Since the “rising dollar” isn’t always rising in some dollar index or against all currencies, the repo market gives it a visible face. In terms of dealer hoarding of collateral, not only is the level increasing in coupons, it is even sharper and more intense if we add bills.

ABOOK July 2016 Repo Dealer Holdings plus Bills

This most recent jump in the overall net “long” of dealer inventory began the week of June 8 – a date we know very well in the one place that is at risk of capturing global asset market attention more than anywhere else.

ABOOK OilDollar WTI Curve 2016 ABOOK July 2016 More Oil WTI CNY

We also find that repo fails are also still elevated as they have been in steady fashion dating back to last August (and the very week when the PBOC broke and was forced to let CNY follow the “dollar”) and then surging still higher in the past few weeks from that point. Total reported fails (both “to receive” and “to deliver”) had been somewhat subdued relative to what had become “normal” over this past year at $170 billion in mid-June, now spiking to $268 billion and $243 billion the past two weeks (the week of July 13, the latest weekly figures).

ABOOK July 2016 Repo Fails 8w

Altogether, this broad survey of the repo market leads toward two very important interpretations. The first is that where the government and policymakers wrote off October 15, 2014, it was actually the official start of the “rising dollar” period that led directly to the “global turmoil” that shocked and surprised them. It’s easier, perhaps, to suggest that the report itself was intentionally obtuse as a means of trying to enforce calm and impose control, but there is every reason to suspect that economists and policymakers are just so ideologically committed they act so senselessly.

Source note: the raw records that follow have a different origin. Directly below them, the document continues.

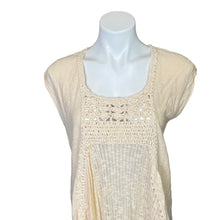 Load image into Gallery viewer, Free People | Women&#39;s Cream Knit Short Sleeve Cover Up Top | Size: M
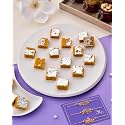 Rakhi With Sweet Rakhi Pack Of 3 Rakhi For Brother With Sweets Rakhi Gift Set Rakhi With Sweets For Brother Rakhi With Sweets Rakhi For Brother Mohan Thal Sweets 400G Trinity Rakhi Set Of 3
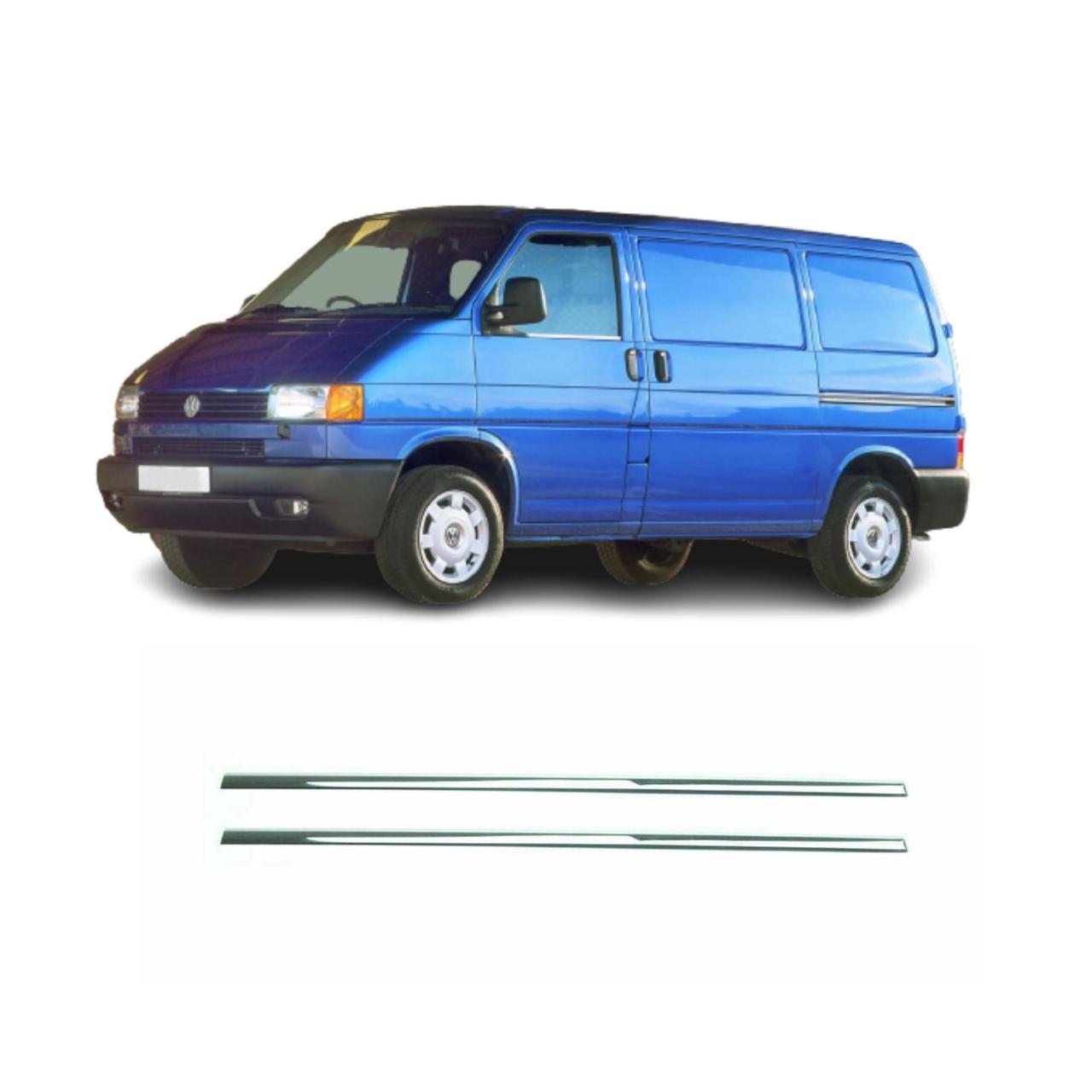 VW T4 Krom Caravelle Cam Çıtası 2Prç. 1995-2003 P.Çelik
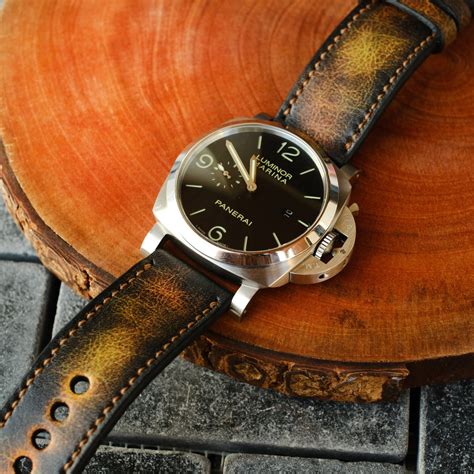 panerai pam 48 distressed leather strap|Panerai .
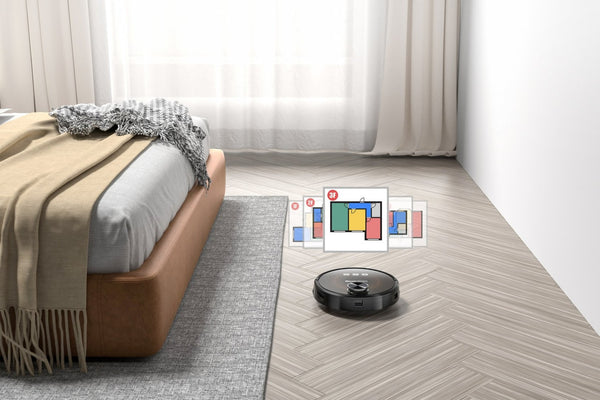 English Elm Geek Smart Slim Robot Vacuum with App Control Auto Charging and 1800pa Suction Power W100263725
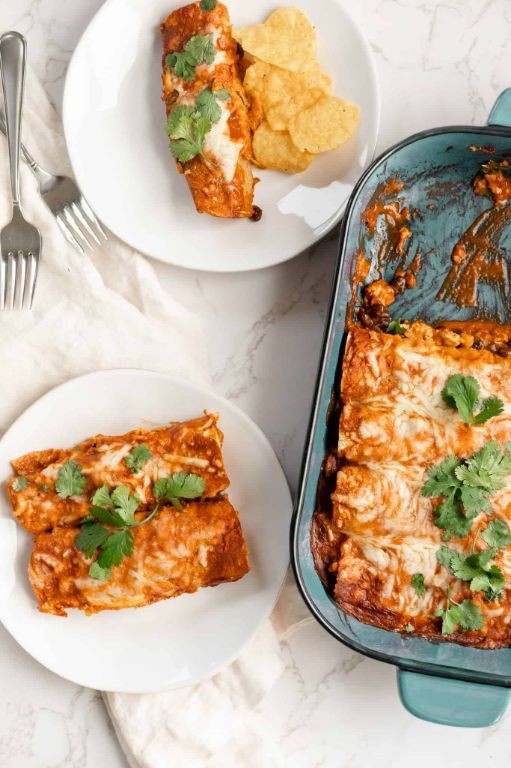 Ground chicken enchilada casserole
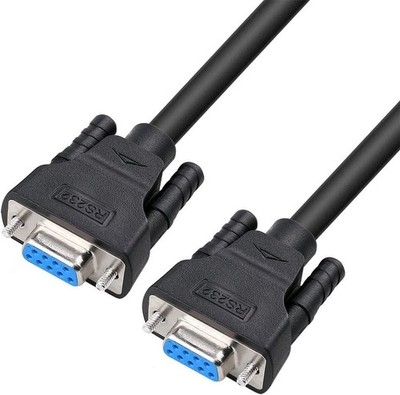 DTech DB9 RS232 Seriell Null Modem Kabel Buchse auf Buchse Full Handshaking 5m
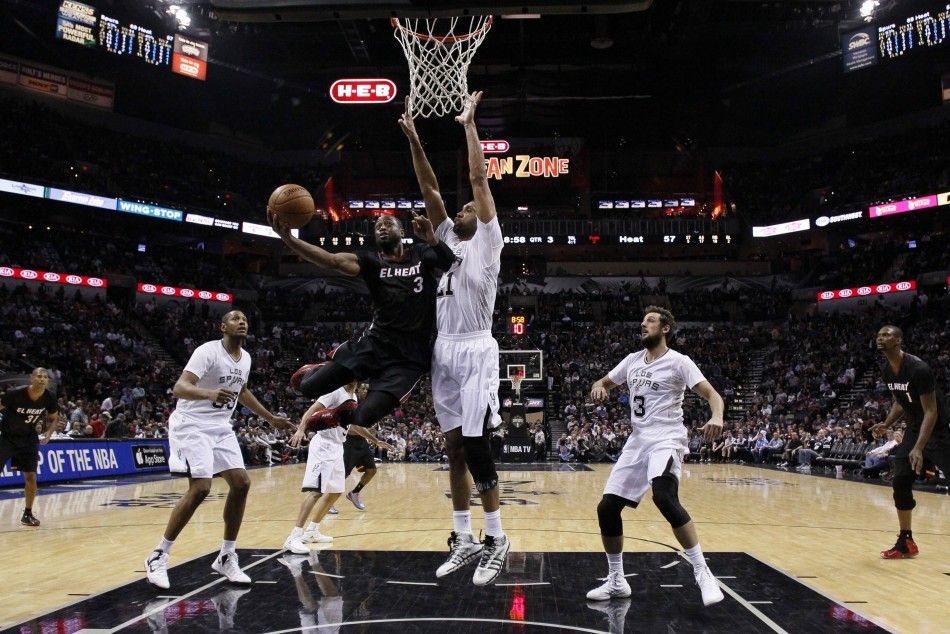 NBA Miami Heat at San Antonio Spurs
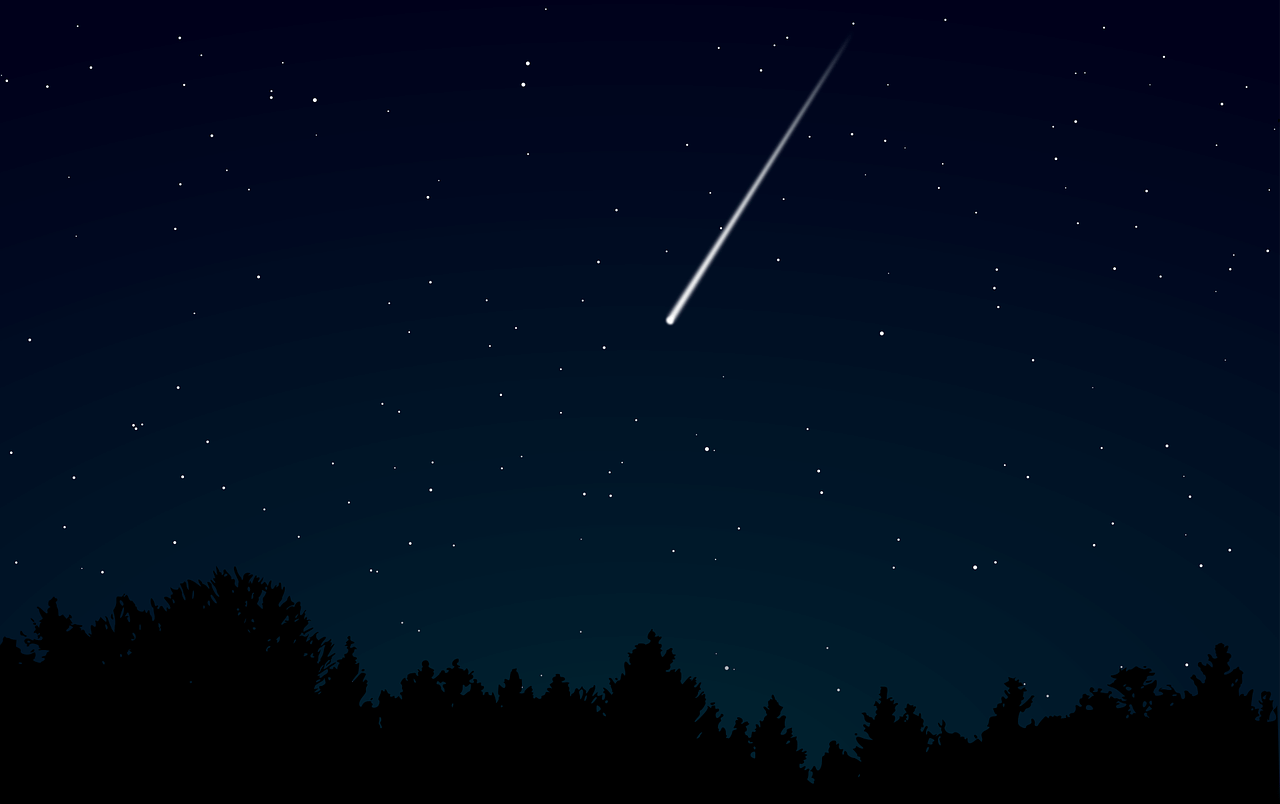 stelle cadenti notte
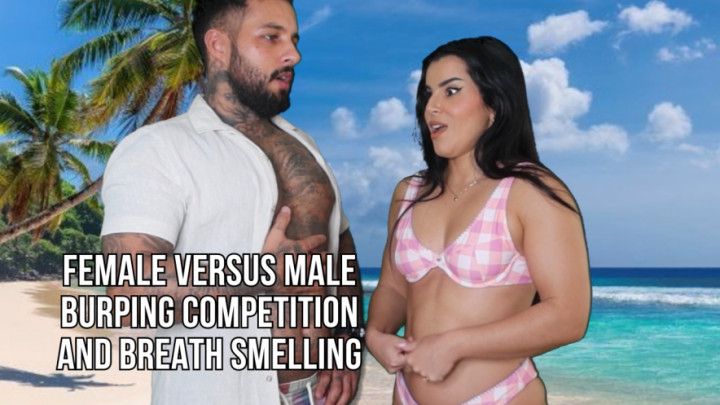 Burping competition and breath smelling - Lalo Cortez and Va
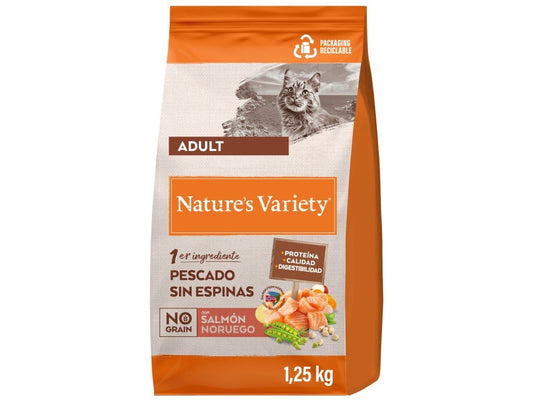 Nature's Variety No Grain Salmon Cat Food 1.25Kg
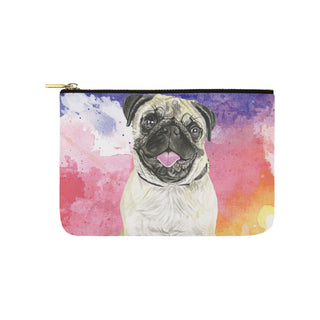 Pug Water Colour No.1 Carry-All Pouch 9.5x6 - TeeAmazing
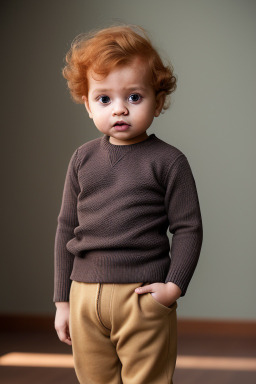 Sri lankan infant boy with  ginger hair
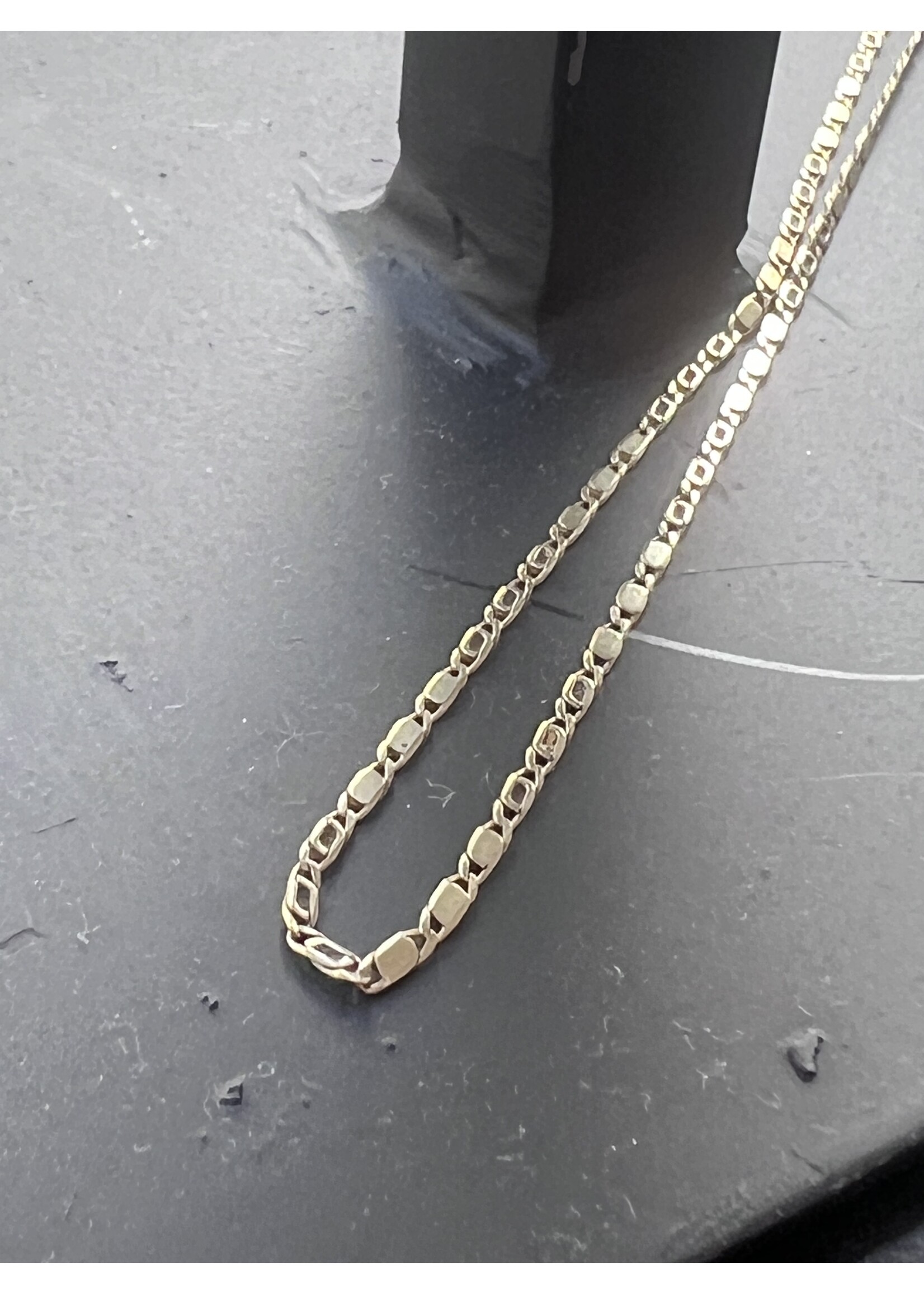 Vintage & Occasion Geelgouden 14k collier figaro - lengte  50cm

They are so blinded by being faithful to orthodox economics, there is a more than reasonable chance they actually believe what was written in that report (which may actually be a worse monetary sin because they have been presented with a mountain of evidence to change their views and still they refuse).

And so the “rising dollar” that became really the systemic baseline that day is, by virtue of the updated repo statistics, clearly still with us and working again toward another bout of “unexpected” recurrences. That is the other major clarification of repo rates, collateral hoarding, and fails (an indirect signal of collateral issues beyond dealers). The implications are more than financial.